Wind and Water Interact With Environments

In feng shui, the wind carries auspicious chi energy through the exterior and interior of your home. The water delivers positive chi to revitalize your space. Water can also be used to disperse inauspicious chi energy.

Basic Principles of Feng Shui and Chi Energy

The most important function of feng shui is to address any issues outside a home or building. The surrounding environment is more important than the interior of your home or office. If chi energy is blocked or altered, it cannot flow freely. In such instances, no amount of cures and remedies made inside your home or office will correct the issue.

Serene Zen water stones

Feng Shui Goal and Ideal

The goal of feng shui is to correct, remedy and attract chi energy into your home, apartment or office and allow it to the flow throughout. The chi energy needs to be balanced. This is achieved through the use of the five elements.

Five Elements of Feng Shui

The ancient Chinese broke down the makeup of the world into five elements that include water, wood, fire, earth, and metal. Each element has positive and negative chi energies. The feng shui goal is to activate these elements inside your home or office to attract the chi energy into that space.

Feng Shui Practitioners

A feng shui practitioner will use several tools, such as a magnetic compass to take readings of a building site or an existing home or building. These readings will guide the practitioner for possible feng shui remedies to correct stagnant or negative chi energy. Feng shui practitioners often work with architects, interior designers, and home owners to maximize the flow of positive chi energy.

Feng Shui Bagua

Another tool used in feng shui is called the bagua. The bagua is octagon shaped and is divided into the eight wedges. These wedges represent the main eight compass directions of north, northeast, east, southeast, south, southwest, west, and northwest. The compass wedges are called sectors.

  • Each sector rules a specific area of life, such as career, education, health, wealth, fame/recognition, love/relationships, descendants (children), and mentors.
  • Each sector is governed by one of the five elements.
  • Each sector is represented by colors that correlate to the element of that sector.

How the Bagua Is Used

A bagua overlay is placed over your home layout or blueprint according to the compass reading made by the feng shui practitioner. The facing direction of your home is usually the front door.

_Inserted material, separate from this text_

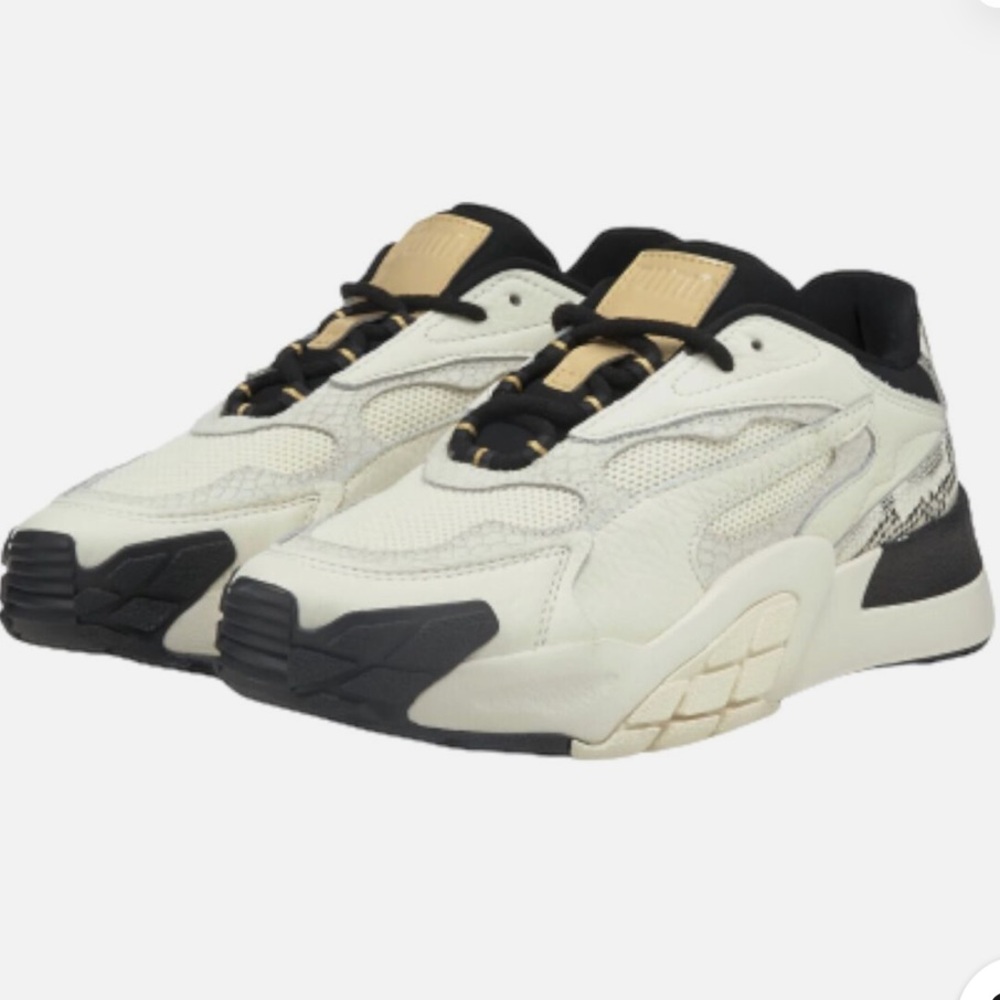 PUMA WOMEN'S HEDRA SNAKE SNEAKERS 380647 01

Compass Directions and the Bagua

The bagua overlay will give you a clear picture of the various sectors (compass directions) of each room in your home. This information helps you determine which elements need to be activated in each room to achieve balance and encourage the chi energy to flow into that area.

Feng shui compass and blueprint

Practical Application of Feng Shui Principles

The way to best understand how feng shui is used in a home or office is through the practical application of feng shui principles. Feng shui begins outside in the natural environment of your home or office.

  • The landscaping of your home or office should follow the feng shui principles for compass directions and placement.
  • Feng shui can guide new construction, and existing construction through the arrangement of rooms and traffic patterns.
  • The art of furniture placement impacts the amount, type and flow of energy in each room.

Feng Shui Optimizes Luck Sectors

The art of feng shui is used to optimize abundance and prosperity of every luck sector. It corrects imbalances that can lead to poor health, financial hardship, failed relationships, or just a general sense of being ill at ease and "stuck" in disappointment or misfortune.

Feng Shui in Practice

The practice and application of feng shui provides ways to harmonize every aspect of your life. Every object, color, and material in your environment is selected and arranged to increase the flow of auspicious chi energy and neutralize conflicting elements.

Feng Shui Effects on You

The physical changes to a space are pragmatic. However, the spiritual effects of changes are personal, uplifting and dynamic. You can feel the shift in energy the moment you walk into your feng shui newly arranged room.

Feng Shui Schools and Rules

There are several feng shui schools or disciplines that follow their own specific rules and principles. Learning feng shui often involves these schools and putting their rules into practice. Classical feng shui schools include, Form School, Compass School, Flying Star (Xuan Kong), Four Pillars (Ba Zi aka Birthday), Eight Mansions (East/West Groups), and others.

Feng shui water fountain
  • Form school addresses the outdoors natural environment and landscape feng shui
  • Compass school of feng shui uses tools, such as a magnetic north compass and the bagua.
  • Flying Star (Xuan Kong) is used to find and chart the chi energy in your home or office.
  • Lo Shu square or magic square is used to chart the flight of the stars.
  • Four Pillars or BaZi is a type of feng shui astrology.
  • Eight Mansions (East/West Groups) is based on your Kua number that determines if you're in the East Group or West Group. This delivers your four best directions and your four worst directions.

BTB School of Feng Shui

The Black Hat Sect Tantric Buddhist Feng Shui (BTB) is a Western feng shui created by Chinese Grandmaster Thomas Lin Yun sometime during the 1980s. This more modern form of feng shui is based on Taoism, Tibetan Buddhism and parts of Classical feng shui. There are other versions of feng shui that sprung from BTB, such as Intuitive/Modern Feng Shui that takes parts of BTB and various Classical Feng Shui and substitutes feng shui symbols with western ones.

Feng Shui and You

Books, courses, and online resources are all terrific ways to learn more about feng shui in order to see your own environment with new eyes. A trained feng shui expert can provide in-depth treatment of your space, help you selects an ideal furniture layout, appropriate furnishings, or calculate the best location for a home or business.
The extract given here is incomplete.